First and foremost, both individuals are former stalwarts in Umno, whose standing and influence revolve, time and again, on a cesspool of disgruntled feelings in Umno.
Put more bluntly, the duo rely on hatred of, and for Umno, and by extension, its coalition partners.
But any strategy guided by sheer contempt and hatred of the government, whether in the streets or social media, risk creating a population that does not know the intricacies of government too, especially when that is multiracial in nature.
Hence, despite the patina and claim of “Save Malaysia,” the duo is attempting something rather dangerous, which have logically and matter-a-factly, resulted in the calls foreign intervention from US and Australia.
Hate, in other words, lead to blind fury and sheer vitriol.
Of course, some Umno members are taken in by the hate, but these are individuals likely to find themselves unable to meet and talk to the leadership.
To the degree Umno and its coalition partners do not turn away their own divisional leaders and representatives, the systemic hate which Mahathir and Anwar try to plant, will not gain traction.
From here on, Umno and its coalition partners can reform accordingly, and not do so under the specter of foreign intervention.
Second, even granted the lesser ambition of Mahathir and Anwar, which is to trigger a series of resignations from the 200 divisional leaders in Umno, who of course have their flaws and weaknesses, such an attempt cannot work.
Rapprochement would not have wielded the necessary effect to make a dent on Umno, which is now fully in the grip of Prime Minister Najib Razak from the supreme council right down to the 200 divisions located across the country except in Sarawak.
But how can the Mahathir-Anwar rapprochement lead to a more devastating effect on Umno?
There are seven areas they must cooperate in a comprehensive and sweeping manner beyond agreeing to the ‘Citizens’ Declaration’, which at this stage is still full of platitudes and motherhood statement (on good governance).

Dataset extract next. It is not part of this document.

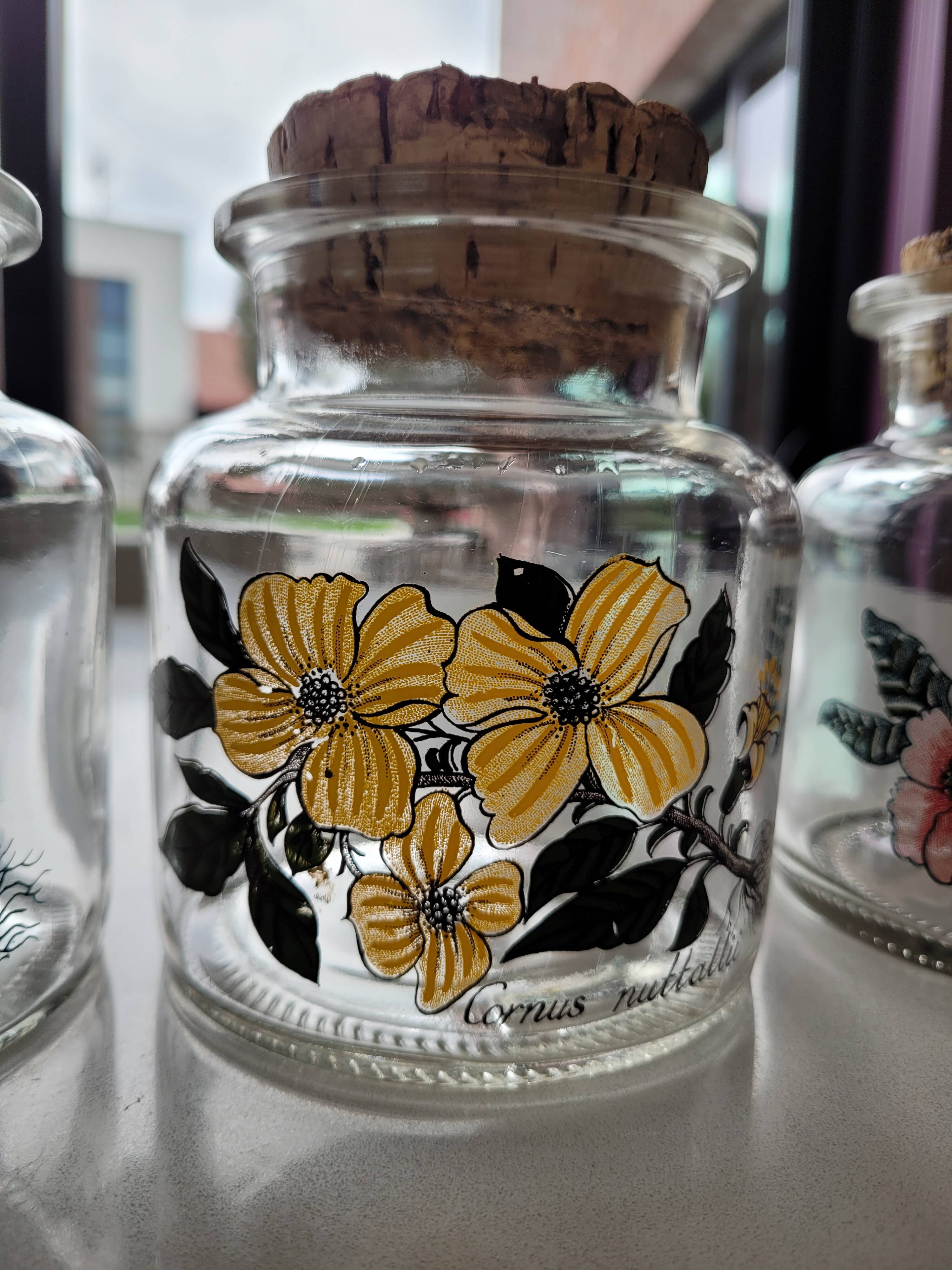 3 glass jars cork stopper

Just as the ‘Citizens Declaration’ have failed, invariably, to reach the Council of Monarchs in Malaysia, a Mahathir-Anwar rapprochement is not necessarily an immediate game changer.
Why is this the case?
First and foremost, there must be straight fights between Umno and the opposition front, especially in 119 rural constituencies.

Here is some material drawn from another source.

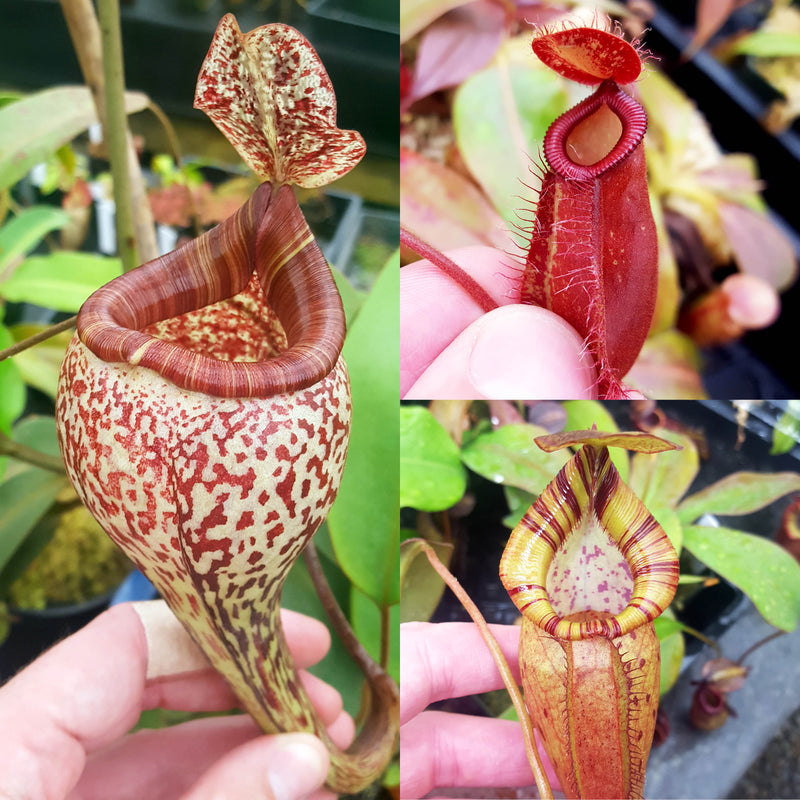 Premium Nepenthes Grab-Bag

But this is not likely, if not no numerically impossible.
The opposition front has been at the fore of battling the government since 2008, if not earlier.
The possibility of the opposition front giving way to the Parti Pribumi Bersatu (PBP), chaired by Dr Mahathir, is absolutely minimal, except with seats in Kedah, Johor and Sabah, where PBP’s leaders originally hailed.

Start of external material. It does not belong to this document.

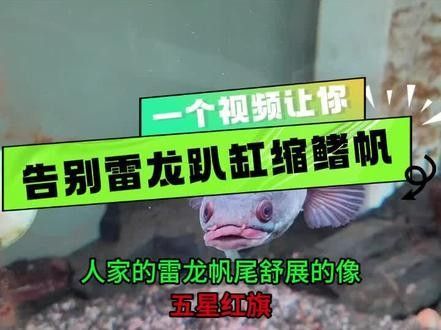如何判斷雷龍魚是否馴服成功（雷龍魚八公愛玩雷龍魚訓練全攻略:適應新環境到追食技巧）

This is because Mahathir, Mukhriz, Muhyiddin and Shafie Apdal all came from these states respectively.
Secondly, despite the high level rapprochement, the integrity of the pact between the duo must also be contingent on zero betrayal from within the ranks of the opposition front.
One must take note of the fact that Shafie Apdal, the former head of Umno in Semporna, Sabah, is still not a member of PBP.
If he were to reach out to Umno again, a possibility that cannot be ruled out, then the intended effect of Mahathir and Anwar rapprochement, which is to corrode the cohesion of Umno, would dissolve over night.
Thirdly, straight fights between Umno and the opposition front is not an individual domain.
It goes through many layers of party bureaucracy, factionalism and walls of resistance by the grass root members who themselves are keen on becoming the chose parliamentary candidates.
With Anwar Ibrahim still in prison, the reins of power rest with other political leaders who are free.
But they won’t be able to control the members who are determined to run for public office.
Fourthly, Anwar Ibrahim promotes a reformist agenda of inclusion, whereas Dr Mahathir is still back to the old tricks of trying to promote ethno-Malay nationalism.
Even if Anwar and Mahathir were to agree to a single reform agenda, such as the need to get Najib out, in order to ‘Save Malaysia’, as the opposition put it, there is no telling that Umno’s reform agenda is any less worthy, especially with the next general election.